Two things have happened in the last week that got my “grrr” factor going. The first was an e-mail from someone we will call “Mr. Unhappy.” And why was he unhappy? Because of a review that we ran. Oddly, it wasn’t even his book. The book, which will for the purposes of this column remain unnamed, got a fairly good review, but he was part of its subject matter. He didn’t like being part of it but when dysfunction runs in a family—and many families have this problem—and someone writes about it the likelihood is that members are going to be included.
Mr. Unhappy demanded that the review be taken down and an apology issued. Otherwise, he said, he would have no choice but to contact a lawyer. What Mr. Unhappy seems to have not realized is that what a family member says about another family member is an internal problem. When reviewers at BiblioBuffet review a book they talk about the book and its contents. They do not vet it for legal reasons—that’s a publisher’s responsiblility. They simply share their opinion as to whether the book is successful at what it is attemtping to do and whether it is worth reading. An opinion. Which they are entitled to have.
Mr. Unhappy’s claim that he has files of paperwork which dispute the author’s story is of no relevance to us. Mr. Unhappy’s belief that we should bow to his demands is ludicrous. Mr. Unhappy’s belief that we will is . . . not correct.
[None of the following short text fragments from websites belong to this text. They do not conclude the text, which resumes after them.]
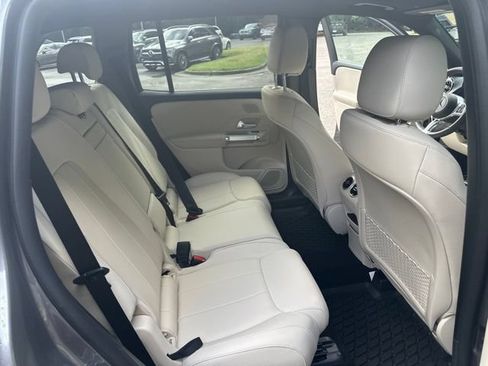 Used 2026 Mercedes-Benz GLB 250 image 15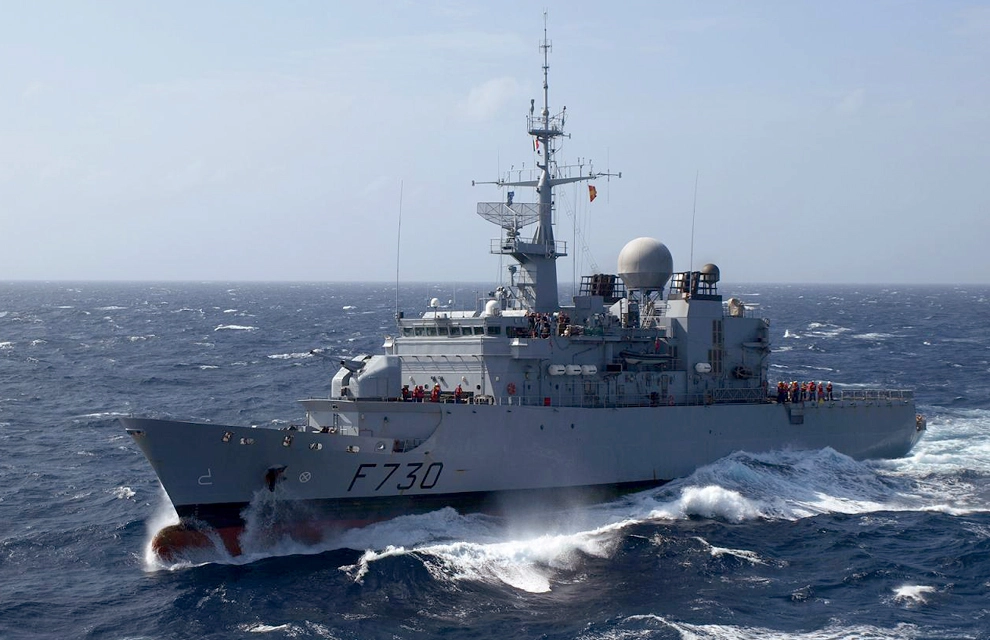 Activitate crescută a rușilor in jurul Marii Britanii - O navă de patrulare britanică a interceptat o corvetă rusească și un petrolier în Canalul Mânecii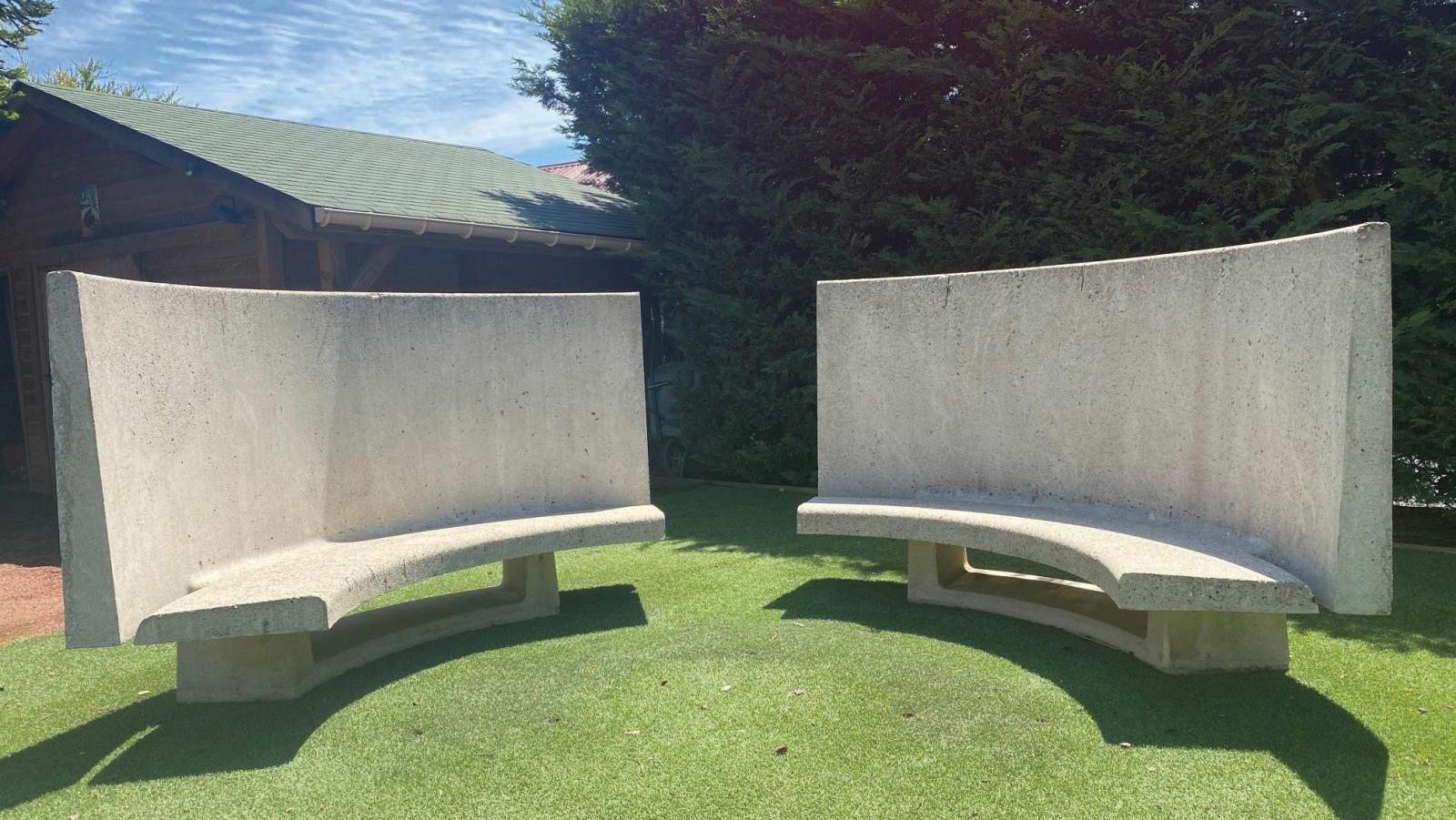 Charles Jeanneret, aka Le Corbusier (1887-1965), "Firminy" bench, with two concrete... Le Corbusier in Firminy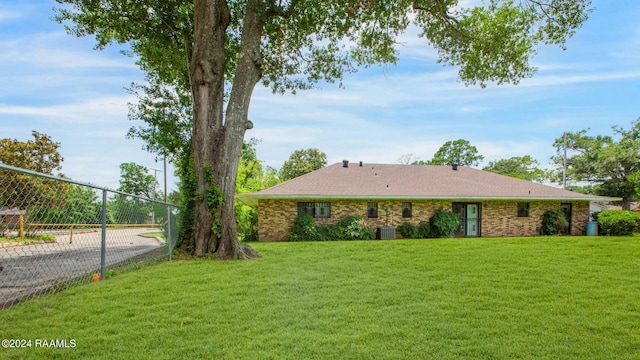 view of front of house featuring a front yard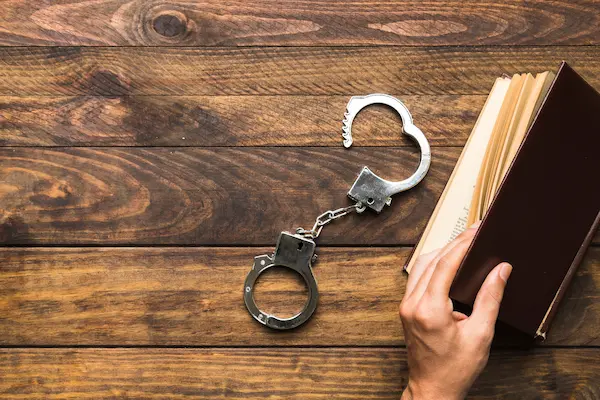 Etapas del proceso penal en Perú desde la denuncia hasta la sentencia Etapas del proceso penal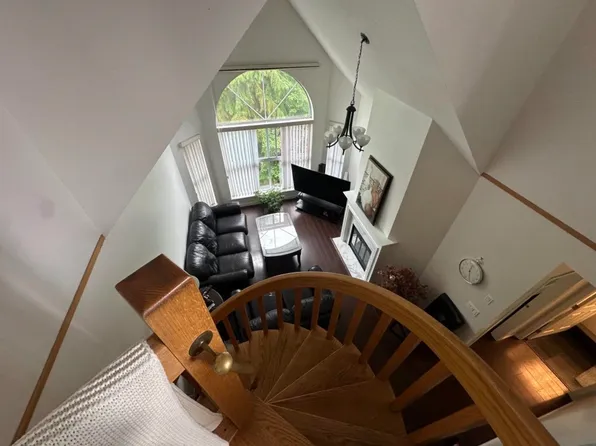 7151 121st St #308, Surrey, BC V3W 0E7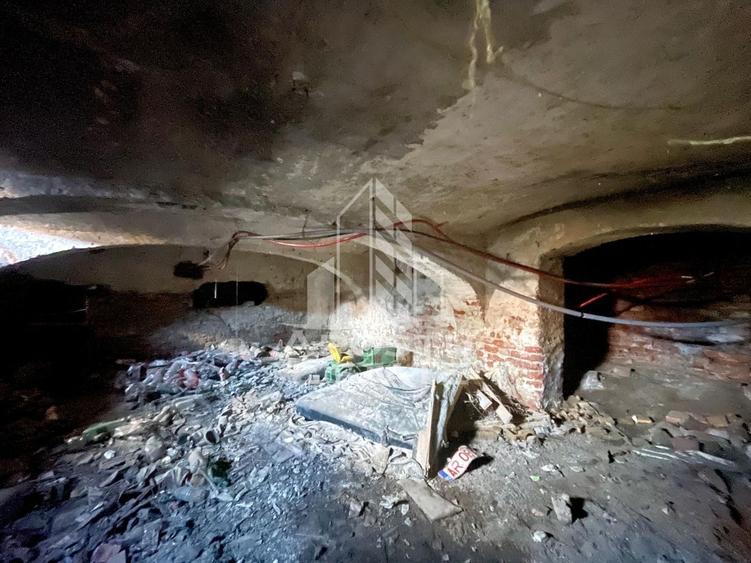 Apartament decomandat, 2 camere curte comuna - Zona Piata Sarbeasca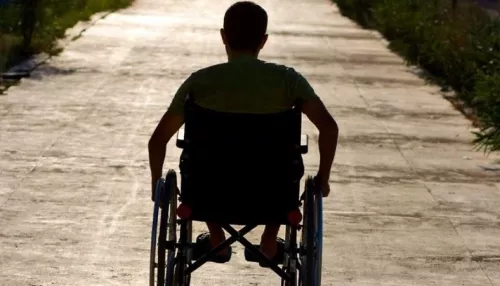 В Бийске для инвалида-колясочника оборудовали бесполезный пандус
I hate bullies. I especially hate ignorant bullies who use silly threats to get their way. BiblioBuffet will never violate any legal standards nor will we violate our strong ethical ones. But we are an opinion site. The reviewers and editors of BiblioBuffet work to provide honest, forthright, and excellent reviews of books worth reading. If one of those books causes hurt to another that is something that needs to be addressed with the author and/or publisher. Not a review site.
The result? Mr.Unhappy is probably due to remain unhappy.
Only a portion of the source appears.